Shattered Allegiance: Part 4 — The Cross Examination

Written by Amelia Rose | Updated on 23 March 2026

The first twenty-four hours were a lie she told herself. A necessary, desperate fiction.

He’s in a debriefing, she’d typed into the search bar of her mind, as if looking for a plausible excuse. His handler is reading him the riot act. They’ve confiscated his phone. All logical, all possible.

She clung to these sterile explanations like a life raft in a churning sea of dread.

Her last text to him, sent the morning after he’d been ripped from her apartment by the grim-faced agent, sat unread. A single, pathetic question.

Are you okay?

Delivered. The little green word was a testament to technology, but a mockery of connection.

By hour thirty-six, the life raft was taking on water. She called him. Once.

The phone rang three times before clicking over to the generic, robotic voicemail of a man who didn’t exist. No “You’ve reached Kael.” No gruff, recorded command to leave a message. Just the void.

She hung up without speaking, a cold stone forming in the pit of her stomach. He hadn’t just turned his phone off.

The line felt disconnected, scrubbed from the network. Erased.

The lie crumbled completely at hour forty-eight. She was sitting at her kitchen island, staring at the case file for a low-level possession charge, but the words swam into an incomprehensible blur.

Her focus, her razor-sharp legal mind, had been hollowed out, replaced by a looping reel of Kael’s face. The way his eyes, the color of storm clouds, would soften when he looked at her.

The rough scrape of his five-o’clock shadow against her cheek. The low timber of his voice murmuring against her ear, promises of a future that felt real, that felt earned.

Promises made by a ghost.

A fool. The word echoed in the sudden, deafening silence of her apartment. She had been the world’s biggest fool.

She, Elara Vance, the public defender who saw through every con, every half-truth, who could dissect a witness’s lie on the stand with a single, pointed question. She had looked at Kael, at the danger clinging to him like a second skin, and seen a savior.

She’d broken every rule she’d ever set for herself—for her career, for her safety, for her goddamn heart—and she’d done it willingly. Eagerly.

She’d let him into her home, into her body, into the fortified spaces of her soul she hadn’t even known were locked. She had given him the one thing she never gave clients, or colleagues, or even the man she’d almost married: the benefit of the doubt.

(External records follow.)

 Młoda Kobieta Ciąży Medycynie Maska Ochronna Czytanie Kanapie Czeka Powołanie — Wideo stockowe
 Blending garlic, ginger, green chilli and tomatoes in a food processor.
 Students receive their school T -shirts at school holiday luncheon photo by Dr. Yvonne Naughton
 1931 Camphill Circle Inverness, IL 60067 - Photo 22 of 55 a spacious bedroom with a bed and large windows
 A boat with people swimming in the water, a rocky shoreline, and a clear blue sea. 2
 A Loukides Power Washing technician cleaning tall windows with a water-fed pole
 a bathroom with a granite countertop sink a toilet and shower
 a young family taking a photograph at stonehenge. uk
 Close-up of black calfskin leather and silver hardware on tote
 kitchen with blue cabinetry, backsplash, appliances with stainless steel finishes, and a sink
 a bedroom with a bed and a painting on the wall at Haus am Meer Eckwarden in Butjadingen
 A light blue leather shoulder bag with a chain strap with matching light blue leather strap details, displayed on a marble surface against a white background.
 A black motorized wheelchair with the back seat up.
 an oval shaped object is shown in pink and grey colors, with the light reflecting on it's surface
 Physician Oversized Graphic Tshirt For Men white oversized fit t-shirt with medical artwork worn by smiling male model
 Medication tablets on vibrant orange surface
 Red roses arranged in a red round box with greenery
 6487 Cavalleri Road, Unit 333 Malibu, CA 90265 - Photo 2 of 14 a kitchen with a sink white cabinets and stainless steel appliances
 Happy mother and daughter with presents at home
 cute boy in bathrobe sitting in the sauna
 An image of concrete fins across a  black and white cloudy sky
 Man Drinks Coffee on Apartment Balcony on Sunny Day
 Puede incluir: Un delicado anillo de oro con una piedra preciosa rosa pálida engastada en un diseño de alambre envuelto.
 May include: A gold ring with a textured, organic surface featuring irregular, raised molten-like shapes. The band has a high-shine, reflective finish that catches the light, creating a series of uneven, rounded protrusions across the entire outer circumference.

She had trusted him. Implicitly. And he had used that trust, taken his fill of it, and vanished.

The bitter, metallic taste of humiliation flooded her mouth. It was worse than the fear.

Grant’s betrayal had been a slow, agonizing bleed of a thousand paper cuts. This was a surgical amputation, performed without anesthetic.

Kael hadn’t just left; he had expunged himself from her life as cleanly as a redacted government document. He was obeying his orders. Cutting all contact.

Standing down. And leaving her exactly where he’d found her, only infinitely more broken. The legal system was still a rigged game, Grant was still a ghost of her past, but now she was also a target.

A liability he’d left behind.

A noise from the street below, the sharp bark of a car horn, made her flinch. Her apartment, once a sanctuary high above the city’s chaos, now felt like a glass cage.

She walked to the window, her bare feet cold against the hardwood floor. Peering down through the blinds, she scanned the street. Everything looked normal.

Taxis, delivery trucks, pedestrians hurrying along the sidewalk.

Except for the car.

A black sedan, nondescript and generic, was parked across the street. It wasn’t in a legal spot.

It was just… there. It had been there yesterday, too.

And the day before. She’d noticed it peripherally, the way you notice a new crack in the pavement.

But now, in the harsh light of Kael’s abandonment, it looked sinister. The windows were tinted, reflecting the gray sky back at her like a pair of dead eyes.

Her blood ran cold. The cartel, knowing she is now unprotected, circles in for the kill. The words from Kael’s warning weren’t just a possibility anymore; they were a parked car across the street. They knew Kael was gone. How?

Did they have a source inside the Bureau? Did they just see his absence for what it was? It didn’t matter.

They knew. And they were waiting.

Her phone buzzed on the counter, the sound like a gunshot in the silence. She lunged for it, a stupid, reflexive jolt of hope arcing through her. Kael.

But the screen showed an unknown number.

Her hand trembled as she swiped to answer, her throat too tight to speak. She held the phone to her ear.

Silence.

“Hello?” she managed, her voice a dry rasp.

More silence. Not the dead air of a bad connection. This was a listening silence.

She could hear the faint, almost imperceptible sound of breathing on the other end. A slow, steady rhythm.

Someone was there, deliberately not speaking.

“Who is this?” she demanded, a tremor of fury sharpening her fear.

The only response was the soft click of the line disconnecting.

She stared at the phone, her knuckles white as she gripped it. It wasn’t a threat.